**INSTRUCTIONS TO FOLLOW**
Every line in the listing below from the one with "CABINN Plus Esbjerg" through the one with "green pack5" is to be reproduced exactly, both ends included; leave out the rest.

**PROVIDED INFORMATION**
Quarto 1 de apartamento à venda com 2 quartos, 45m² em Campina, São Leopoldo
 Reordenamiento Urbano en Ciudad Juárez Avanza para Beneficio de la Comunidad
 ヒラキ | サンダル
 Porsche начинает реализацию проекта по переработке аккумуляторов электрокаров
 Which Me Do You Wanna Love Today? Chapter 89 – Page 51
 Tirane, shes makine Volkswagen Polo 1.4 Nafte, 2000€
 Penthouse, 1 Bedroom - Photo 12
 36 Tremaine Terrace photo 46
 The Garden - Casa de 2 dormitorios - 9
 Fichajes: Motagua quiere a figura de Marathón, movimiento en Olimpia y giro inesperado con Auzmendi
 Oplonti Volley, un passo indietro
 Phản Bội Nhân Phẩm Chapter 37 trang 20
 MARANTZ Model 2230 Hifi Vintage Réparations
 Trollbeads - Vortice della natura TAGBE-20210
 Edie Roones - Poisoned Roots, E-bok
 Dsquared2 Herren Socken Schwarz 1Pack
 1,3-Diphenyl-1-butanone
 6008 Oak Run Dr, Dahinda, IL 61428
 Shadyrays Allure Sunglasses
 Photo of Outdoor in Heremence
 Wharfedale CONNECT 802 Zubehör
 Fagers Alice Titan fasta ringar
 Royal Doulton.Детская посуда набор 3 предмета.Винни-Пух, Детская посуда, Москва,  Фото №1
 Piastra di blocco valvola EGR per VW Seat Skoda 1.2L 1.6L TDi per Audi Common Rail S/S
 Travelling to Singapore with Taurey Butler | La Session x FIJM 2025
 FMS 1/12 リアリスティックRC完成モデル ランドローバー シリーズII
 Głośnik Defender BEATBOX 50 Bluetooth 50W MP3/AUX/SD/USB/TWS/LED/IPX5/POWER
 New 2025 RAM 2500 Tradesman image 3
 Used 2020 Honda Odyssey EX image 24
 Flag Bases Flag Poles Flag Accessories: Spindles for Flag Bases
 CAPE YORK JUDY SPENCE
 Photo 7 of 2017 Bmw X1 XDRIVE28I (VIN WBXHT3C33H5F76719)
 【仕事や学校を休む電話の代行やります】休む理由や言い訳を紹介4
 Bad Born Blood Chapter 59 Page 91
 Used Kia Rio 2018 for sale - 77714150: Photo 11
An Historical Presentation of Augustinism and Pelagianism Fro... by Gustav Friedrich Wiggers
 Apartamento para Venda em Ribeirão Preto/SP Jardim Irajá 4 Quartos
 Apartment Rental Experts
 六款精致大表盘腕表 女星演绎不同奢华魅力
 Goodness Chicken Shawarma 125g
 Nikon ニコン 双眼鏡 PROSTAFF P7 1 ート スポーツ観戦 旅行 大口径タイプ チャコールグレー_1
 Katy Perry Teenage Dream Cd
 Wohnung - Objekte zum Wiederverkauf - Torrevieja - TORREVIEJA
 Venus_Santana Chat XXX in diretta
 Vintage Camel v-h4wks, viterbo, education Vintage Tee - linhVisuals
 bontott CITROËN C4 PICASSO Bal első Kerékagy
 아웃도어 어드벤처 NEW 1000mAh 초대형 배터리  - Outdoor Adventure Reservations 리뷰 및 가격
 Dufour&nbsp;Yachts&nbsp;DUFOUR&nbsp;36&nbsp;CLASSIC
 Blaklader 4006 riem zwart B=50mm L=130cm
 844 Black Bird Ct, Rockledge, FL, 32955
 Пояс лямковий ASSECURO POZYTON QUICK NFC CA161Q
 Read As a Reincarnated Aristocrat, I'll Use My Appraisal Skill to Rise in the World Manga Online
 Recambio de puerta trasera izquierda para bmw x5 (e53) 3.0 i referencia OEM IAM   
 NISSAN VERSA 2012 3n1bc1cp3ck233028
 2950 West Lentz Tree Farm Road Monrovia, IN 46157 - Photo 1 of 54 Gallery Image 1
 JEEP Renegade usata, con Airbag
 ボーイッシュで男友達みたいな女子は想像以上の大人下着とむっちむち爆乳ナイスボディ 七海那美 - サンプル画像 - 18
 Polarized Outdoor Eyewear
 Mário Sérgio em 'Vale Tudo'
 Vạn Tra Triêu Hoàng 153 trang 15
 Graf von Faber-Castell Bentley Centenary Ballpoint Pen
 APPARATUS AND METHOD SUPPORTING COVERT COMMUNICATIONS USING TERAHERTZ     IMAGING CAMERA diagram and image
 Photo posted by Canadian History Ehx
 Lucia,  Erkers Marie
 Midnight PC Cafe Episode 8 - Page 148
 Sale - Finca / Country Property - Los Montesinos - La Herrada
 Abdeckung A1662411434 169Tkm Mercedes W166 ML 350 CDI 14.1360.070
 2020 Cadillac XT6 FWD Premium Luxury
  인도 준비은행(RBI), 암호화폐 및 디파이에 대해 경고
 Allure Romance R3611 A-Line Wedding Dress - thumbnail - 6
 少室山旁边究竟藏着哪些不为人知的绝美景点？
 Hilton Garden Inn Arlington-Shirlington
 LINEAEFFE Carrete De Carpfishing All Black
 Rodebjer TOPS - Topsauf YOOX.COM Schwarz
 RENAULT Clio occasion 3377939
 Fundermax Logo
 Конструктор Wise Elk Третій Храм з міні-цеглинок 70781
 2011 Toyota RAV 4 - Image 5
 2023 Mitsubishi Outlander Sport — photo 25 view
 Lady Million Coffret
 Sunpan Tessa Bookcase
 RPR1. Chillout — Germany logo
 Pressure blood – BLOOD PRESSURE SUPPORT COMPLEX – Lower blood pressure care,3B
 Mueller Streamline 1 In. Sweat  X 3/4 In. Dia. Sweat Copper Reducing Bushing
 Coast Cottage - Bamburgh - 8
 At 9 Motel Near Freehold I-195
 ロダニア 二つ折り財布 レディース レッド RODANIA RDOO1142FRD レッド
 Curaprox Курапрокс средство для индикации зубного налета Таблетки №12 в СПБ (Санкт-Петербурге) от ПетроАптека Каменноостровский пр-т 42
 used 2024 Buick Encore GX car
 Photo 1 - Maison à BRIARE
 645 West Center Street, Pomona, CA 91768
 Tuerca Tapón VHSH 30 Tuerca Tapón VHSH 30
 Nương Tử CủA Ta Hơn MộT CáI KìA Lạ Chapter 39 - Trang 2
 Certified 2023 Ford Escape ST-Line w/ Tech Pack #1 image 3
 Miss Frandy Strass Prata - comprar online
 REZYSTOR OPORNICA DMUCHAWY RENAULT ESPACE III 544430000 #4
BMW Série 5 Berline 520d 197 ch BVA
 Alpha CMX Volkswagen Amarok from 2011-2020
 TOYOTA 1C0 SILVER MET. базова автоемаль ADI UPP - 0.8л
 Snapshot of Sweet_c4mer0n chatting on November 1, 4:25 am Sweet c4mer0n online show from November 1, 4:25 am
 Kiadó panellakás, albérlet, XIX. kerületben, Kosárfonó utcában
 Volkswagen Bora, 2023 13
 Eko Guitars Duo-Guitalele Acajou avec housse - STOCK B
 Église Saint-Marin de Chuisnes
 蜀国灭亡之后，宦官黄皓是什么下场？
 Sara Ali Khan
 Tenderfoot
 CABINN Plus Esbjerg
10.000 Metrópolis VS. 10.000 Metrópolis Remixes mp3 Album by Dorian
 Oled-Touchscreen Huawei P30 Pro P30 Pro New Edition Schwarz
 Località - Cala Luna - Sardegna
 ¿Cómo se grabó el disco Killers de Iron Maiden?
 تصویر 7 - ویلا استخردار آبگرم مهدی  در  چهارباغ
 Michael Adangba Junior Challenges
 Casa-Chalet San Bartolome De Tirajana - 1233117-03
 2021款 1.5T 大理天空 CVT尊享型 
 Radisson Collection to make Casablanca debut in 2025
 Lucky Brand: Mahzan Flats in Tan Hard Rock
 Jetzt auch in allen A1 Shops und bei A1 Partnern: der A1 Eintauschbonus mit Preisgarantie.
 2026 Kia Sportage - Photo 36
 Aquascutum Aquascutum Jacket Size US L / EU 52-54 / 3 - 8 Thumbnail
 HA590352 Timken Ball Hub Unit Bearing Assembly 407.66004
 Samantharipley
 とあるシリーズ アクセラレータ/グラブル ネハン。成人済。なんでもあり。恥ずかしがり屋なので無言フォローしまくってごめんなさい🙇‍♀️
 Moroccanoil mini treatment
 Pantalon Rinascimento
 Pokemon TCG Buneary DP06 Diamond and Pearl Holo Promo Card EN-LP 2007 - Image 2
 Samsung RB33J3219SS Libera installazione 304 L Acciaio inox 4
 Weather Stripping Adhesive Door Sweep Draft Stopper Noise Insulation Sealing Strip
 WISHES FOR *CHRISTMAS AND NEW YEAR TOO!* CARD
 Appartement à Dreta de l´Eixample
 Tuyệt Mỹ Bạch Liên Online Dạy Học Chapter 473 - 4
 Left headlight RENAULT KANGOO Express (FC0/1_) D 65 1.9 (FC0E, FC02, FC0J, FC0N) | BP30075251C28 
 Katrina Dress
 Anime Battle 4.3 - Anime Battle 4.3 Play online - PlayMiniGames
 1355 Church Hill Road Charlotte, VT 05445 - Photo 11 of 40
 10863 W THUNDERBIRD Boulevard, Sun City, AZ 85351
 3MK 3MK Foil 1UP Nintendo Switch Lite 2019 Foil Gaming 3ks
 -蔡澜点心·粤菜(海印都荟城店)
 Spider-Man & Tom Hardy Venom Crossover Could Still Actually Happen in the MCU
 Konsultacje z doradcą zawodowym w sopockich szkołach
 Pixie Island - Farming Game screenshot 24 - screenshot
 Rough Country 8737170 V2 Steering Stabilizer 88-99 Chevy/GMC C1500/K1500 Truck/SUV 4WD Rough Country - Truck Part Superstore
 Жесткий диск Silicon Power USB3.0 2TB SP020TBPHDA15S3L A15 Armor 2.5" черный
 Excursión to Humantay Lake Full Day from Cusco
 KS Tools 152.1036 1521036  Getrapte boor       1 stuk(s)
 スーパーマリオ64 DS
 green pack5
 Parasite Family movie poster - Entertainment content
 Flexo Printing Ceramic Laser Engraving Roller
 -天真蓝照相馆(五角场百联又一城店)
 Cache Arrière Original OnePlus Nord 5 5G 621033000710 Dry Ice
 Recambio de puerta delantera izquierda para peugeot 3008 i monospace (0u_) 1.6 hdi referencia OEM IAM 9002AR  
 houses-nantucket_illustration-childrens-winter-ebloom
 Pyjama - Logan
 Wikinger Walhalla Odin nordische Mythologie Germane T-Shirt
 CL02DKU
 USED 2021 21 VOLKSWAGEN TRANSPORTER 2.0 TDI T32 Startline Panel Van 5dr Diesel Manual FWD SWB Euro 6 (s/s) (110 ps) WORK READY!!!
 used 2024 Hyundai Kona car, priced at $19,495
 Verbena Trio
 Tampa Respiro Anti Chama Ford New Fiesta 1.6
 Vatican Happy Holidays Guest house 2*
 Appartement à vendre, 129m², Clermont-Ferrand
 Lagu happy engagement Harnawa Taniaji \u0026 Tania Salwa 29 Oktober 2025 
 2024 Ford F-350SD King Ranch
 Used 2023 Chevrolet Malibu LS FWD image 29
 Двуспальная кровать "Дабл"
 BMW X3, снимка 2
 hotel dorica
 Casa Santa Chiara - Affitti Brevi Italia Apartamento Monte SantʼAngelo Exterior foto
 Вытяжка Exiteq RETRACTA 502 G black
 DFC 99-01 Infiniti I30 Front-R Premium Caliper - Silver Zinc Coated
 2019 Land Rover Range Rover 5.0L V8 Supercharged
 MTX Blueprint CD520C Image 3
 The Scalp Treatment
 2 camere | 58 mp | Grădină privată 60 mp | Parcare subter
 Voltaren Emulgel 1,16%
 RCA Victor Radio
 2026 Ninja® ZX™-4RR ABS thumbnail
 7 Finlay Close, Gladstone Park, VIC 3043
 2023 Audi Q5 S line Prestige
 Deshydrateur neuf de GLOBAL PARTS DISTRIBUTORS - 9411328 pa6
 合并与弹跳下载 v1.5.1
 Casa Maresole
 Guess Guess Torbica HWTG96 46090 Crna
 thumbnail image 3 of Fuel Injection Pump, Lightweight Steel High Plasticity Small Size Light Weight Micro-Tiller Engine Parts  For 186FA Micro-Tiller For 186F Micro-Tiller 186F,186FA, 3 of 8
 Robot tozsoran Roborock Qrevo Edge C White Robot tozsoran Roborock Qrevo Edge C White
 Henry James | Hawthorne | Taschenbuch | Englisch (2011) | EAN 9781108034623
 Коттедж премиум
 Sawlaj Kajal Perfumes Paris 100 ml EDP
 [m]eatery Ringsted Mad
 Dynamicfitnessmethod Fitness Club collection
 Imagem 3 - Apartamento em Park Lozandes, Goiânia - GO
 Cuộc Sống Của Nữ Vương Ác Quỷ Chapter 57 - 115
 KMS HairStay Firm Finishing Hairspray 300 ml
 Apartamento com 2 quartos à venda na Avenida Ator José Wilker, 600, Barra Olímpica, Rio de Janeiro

**REPLY**
 CABINN Plus Esbjerg
10.000 Metrópolis VS. 10.000 Metrópolis Remixes mp3 Album by Dorian
 Oled-Touchscreen Huawei P30 Pro P30 Pro New Edition Schwarz
 Località - Cala Luna - Sardegna
 ¿Cómo se grabó el disco Killers de Iron Maiden?
 تصویر 7 - ویلا استخردار آبگرم مهدی  در  چهارباغ
 Michael Adangba Junior Challenges
 Casa-Chalet San Bartolome De Tirajana - 1233117-03
 2021款 1.5T 大理天空 CVT尊享型 
 Radisson Collection to make Casablanca debut in 2025
 Lucky Brand: Mahzan Flats in Tan Hard Rock
 Jetzt auch in allen A1 Shops und bei A1 Partnern: der A1 Eintauschbonus mit Preisgarantie.
 2026 Kia Sportage - Photo 36
 Aquascutum Aquascutum Jacket Size US L / EU 52-54 / 3 - 8 Thumbnail
 HA590352 Timken Ball Hub Unit Bearing Assembly 407.66004
 Samantharipley
 とあるシリーズ アクセラレータ/グラブル ネハン。成人済。なんでもあり。恥ずかしがり屋なので無言フォローしまくってごめんなさい🙇‍♀️
 Moroccanoil mini treatment
 Pantalon Rinascimento
 Pokemon TCG Buneary DP06 Diamond and Pearl Holo Promo Card EN-LP 2007 - Image 2
 Samsung RB33J3219SS Libera installazione 304 L Acciaio inox 4
 Weather Stripping Adhesive Door Sweep Draft Stopper Noise Insulation Sealing Strip
 WISHES FOR *CHRISTMAS AND NEW YEAR TOO!* CARD
 Appartement à Dreta de l´Eixample
 Tuyệt Mỹ Bạch Liên Online Dạy Học Chapter 473 - 4
 Left headlight RENAULT KANGOO Express (FC0/1_) D 65 1.9 (FC0E, FC02, FC0J, FC0N) | BP30075251C28 
 Katrina Dress
 Anime Battle 4.3 - Anime Battle 4.3 Play online - PlayMiniGames
 1355 Church Hill Road Charlotte, VT 05445 - Photo 11 of 40
 10863 W THUNDERBIRD Boulevard, Sun City, AZ 85351
 3MK 3MK Foil 1UP Nintendo Switch Lite 2019 Foil Gaming 3ks
 -蔡澜点心·粤菜(海印都荟城店)
 Spider-Man & Tom Hardy Venom Crossover Could Still Actually Happen in the MCU
 Konsultacje z doradcą zawodowym w sopockich szkołach
 Pixie Island - Farming Game screenshot 24 - screenshot
 Rough Country 8737170 V2 Steering Stabilizer 88-99 Chevy/GMC C1500/K1500 Truck/SUV 4WD Rough Country - Truck Part Superstore
 Жесткий диск Silicon Power USB3.0 2TB SP020TBPHDA15S3L A15 Armor 2.5" черный
 Excursión to Humantay Lake Full Day from Cusco
 KS Tools 152.1036 1521036  Getrapte boor       1 stuk(s)
 スーパーマリオ64 DS
 green pack5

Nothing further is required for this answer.